TASK GOAL ▸
Each line of the listing below that includes "Center" must be copied.
----- DATA EXCERPTS -----
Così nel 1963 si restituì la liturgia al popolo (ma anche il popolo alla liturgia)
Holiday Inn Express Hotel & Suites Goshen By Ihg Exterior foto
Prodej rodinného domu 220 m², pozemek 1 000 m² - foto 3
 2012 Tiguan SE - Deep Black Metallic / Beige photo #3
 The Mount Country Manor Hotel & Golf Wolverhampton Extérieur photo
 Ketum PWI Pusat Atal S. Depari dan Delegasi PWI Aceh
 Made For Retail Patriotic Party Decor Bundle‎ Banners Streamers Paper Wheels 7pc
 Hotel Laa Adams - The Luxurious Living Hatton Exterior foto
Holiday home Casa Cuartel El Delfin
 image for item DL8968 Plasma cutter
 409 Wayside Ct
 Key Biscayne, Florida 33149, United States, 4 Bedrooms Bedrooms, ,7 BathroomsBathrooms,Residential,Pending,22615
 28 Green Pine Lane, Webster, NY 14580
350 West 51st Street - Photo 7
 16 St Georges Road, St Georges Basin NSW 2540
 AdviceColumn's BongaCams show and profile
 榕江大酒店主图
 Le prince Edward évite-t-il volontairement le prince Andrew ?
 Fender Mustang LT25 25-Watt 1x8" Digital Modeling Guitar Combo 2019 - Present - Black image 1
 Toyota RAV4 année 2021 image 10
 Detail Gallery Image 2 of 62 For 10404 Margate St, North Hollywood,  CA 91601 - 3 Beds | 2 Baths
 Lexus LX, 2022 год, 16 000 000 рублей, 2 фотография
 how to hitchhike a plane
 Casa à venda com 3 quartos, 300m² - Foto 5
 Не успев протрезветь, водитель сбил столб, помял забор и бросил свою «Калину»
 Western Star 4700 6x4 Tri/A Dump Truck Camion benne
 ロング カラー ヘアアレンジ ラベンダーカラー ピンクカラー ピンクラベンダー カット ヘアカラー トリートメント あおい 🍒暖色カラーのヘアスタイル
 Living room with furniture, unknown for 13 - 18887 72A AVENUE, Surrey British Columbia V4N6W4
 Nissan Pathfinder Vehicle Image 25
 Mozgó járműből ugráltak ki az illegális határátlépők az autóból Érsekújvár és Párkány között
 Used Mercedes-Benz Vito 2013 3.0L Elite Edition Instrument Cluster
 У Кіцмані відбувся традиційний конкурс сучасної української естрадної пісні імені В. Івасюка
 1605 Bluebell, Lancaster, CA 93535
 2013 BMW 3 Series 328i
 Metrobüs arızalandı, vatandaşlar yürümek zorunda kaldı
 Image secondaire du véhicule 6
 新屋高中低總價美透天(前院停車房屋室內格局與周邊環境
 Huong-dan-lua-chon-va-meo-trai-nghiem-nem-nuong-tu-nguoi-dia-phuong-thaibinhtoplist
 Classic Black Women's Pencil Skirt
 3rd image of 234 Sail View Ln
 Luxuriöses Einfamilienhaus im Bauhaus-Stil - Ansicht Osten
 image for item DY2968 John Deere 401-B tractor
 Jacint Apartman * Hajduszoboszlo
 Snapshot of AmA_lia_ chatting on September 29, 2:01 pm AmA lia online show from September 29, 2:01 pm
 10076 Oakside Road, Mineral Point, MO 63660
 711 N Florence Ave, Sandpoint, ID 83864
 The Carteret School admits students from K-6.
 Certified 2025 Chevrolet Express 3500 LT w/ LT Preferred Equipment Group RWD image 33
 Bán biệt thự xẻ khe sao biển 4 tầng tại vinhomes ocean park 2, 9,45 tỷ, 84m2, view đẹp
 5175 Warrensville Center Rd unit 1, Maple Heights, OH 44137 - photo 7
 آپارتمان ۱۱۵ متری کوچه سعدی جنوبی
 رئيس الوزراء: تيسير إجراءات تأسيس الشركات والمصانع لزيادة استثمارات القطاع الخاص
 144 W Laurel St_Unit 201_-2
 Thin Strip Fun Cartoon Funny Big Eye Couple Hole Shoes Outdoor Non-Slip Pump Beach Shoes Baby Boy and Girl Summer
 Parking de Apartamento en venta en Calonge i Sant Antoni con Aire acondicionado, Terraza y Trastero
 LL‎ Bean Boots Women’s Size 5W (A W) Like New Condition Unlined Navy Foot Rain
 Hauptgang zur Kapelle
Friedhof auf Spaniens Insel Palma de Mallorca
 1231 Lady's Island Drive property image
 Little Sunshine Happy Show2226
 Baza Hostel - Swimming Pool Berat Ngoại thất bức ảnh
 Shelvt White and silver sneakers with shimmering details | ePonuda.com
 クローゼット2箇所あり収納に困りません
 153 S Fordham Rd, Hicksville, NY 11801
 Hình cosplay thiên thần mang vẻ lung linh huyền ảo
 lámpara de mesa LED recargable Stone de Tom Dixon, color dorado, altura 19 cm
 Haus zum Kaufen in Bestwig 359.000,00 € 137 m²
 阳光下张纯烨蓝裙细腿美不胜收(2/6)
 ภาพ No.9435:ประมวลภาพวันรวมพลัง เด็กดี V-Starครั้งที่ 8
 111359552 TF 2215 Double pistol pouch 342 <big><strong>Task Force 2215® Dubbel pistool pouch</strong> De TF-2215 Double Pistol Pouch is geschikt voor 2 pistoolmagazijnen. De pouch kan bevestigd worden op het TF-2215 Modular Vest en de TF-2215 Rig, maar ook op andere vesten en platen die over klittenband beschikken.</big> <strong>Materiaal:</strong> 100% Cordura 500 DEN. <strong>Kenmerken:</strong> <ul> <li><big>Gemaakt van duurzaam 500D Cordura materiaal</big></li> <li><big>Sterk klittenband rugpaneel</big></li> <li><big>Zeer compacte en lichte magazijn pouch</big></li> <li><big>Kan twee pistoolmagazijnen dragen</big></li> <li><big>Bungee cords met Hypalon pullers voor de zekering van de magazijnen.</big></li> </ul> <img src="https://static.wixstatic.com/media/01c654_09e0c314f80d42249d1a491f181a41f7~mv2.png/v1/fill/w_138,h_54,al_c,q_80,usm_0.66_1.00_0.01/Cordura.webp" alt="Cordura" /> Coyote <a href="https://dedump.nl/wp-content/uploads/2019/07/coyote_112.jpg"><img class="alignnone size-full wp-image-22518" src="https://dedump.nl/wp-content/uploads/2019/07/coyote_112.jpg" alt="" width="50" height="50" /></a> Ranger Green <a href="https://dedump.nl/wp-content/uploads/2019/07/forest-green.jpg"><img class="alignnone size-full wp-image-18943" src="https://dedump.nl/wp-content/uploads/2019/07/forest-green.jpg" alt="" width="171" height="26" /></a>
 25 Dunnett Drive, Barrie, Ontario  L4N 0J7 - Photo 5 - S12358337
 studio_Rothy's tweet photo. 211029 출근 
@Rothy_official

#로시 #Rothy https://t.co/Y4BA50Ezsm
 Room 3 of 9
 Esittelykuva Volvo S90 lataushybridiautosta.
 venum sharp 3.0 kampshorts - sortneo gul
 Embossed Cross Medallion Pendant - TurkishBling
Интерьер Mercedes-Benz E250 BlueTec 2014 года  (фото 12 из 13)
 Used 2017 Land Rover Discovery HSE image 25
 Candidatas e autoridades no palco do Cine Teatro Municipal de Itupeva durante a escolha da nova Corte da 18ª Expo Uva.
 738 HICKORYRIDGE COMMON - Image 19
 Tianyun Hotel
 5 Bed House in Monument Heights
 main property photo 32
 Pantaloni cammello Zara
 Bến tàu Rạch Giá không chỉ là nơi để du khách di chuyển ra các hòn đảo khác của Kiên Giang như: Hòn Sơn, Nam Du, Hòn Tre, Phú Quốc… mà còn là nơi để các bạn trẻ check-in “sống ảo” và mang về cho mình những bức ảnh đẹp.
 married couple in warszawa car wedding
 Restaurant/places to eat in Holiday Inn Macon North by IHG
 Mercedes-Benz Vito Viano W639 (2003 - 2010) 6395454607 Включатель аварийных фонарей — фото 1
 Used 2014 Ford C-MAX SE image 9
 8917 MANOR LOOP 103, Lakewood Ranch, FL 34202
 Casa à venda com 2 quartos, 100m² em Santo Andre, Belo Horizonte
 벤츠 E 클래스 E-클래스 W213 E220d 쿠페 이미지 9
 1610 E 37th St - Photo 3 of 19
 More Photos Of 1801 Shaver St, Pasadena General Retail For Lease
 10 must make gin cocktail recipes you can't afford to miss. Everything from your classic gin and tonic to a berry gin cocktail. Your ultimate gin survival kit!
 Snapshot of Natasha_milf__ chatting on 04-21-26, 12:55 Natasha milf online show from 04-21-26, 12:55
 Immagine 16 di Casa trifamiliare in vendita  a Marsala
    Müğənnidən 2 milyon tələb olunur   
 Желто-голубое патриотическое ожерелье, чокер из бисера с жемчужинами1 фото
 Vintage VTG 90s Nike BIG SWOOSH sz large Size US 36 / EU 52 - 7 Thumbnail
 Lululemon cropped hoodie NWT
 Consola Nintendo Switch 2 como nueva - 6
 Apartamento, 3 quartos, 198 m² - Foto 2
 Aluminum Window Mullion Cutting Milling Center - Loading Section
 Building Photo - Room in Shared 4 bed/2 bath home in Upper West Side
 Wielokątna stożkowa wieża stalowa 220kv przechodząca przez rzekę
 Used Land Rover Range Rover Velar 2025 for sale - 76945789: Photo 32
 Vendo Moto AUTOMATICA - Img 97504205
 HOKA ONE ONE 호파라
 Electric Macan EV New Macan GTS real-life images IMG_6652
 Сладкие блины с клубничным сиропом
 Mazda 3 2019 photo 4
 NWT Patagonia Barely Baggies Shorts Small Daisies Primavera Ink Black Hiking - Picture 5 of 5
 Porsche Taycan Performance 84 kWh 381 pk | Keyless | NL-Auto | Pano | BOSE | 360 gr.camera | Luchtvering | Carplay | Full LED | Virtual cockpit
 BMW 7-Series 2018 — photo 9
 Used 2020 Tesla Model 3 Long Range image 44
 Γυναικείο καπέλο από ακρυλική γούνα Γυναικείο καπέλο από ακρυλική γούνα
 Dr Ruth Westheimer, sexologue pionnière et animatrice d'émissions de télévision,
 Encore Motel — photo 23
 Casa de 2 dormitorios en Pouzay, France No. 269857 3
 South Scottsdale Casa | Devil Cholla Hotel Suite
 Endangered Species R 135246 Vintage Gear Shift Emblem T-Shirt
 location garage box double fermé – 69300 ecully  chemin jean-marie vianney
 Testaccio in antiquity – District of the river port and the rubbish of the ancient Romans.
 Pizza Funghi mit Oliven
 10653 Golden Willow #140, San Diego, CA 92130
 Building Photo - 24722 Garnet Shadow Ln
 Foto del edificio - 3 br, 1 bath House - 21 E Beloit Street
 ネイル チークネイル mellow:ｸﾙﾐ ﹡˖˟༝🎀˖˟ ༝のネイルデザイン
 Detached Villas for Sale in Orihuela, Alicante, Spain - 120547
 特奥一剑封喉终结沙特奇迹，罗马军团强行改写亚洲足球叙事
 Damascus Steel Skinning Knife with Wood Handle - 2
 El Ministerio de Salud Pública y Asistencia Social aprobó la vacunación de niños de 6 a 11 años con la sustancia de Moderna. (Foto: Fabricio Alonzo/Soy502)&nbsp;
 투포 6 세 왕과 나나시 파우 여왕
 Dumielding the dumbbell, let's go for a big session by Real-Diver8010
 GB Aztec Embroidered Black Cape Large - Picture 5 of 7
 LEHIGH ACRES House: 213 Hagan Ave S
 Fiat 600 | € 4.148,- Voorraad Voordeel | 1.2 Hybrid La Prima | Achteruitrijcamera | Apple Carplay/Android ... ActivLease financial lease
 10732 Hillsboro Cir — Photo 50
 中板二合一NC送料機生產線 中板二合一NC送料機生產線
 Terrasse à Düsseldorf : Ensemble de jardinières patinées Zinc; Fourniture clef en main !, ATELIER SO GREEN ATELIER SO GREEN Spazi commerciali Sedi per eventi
-----
ANSWER FOR THIS EXERCISE ▸
 5175 Warrensville Center Rd unit 1, Maple Heights, OH 44137 - photo 7
 Aluminum Window Mullion Cutting Milling Center - Loading Section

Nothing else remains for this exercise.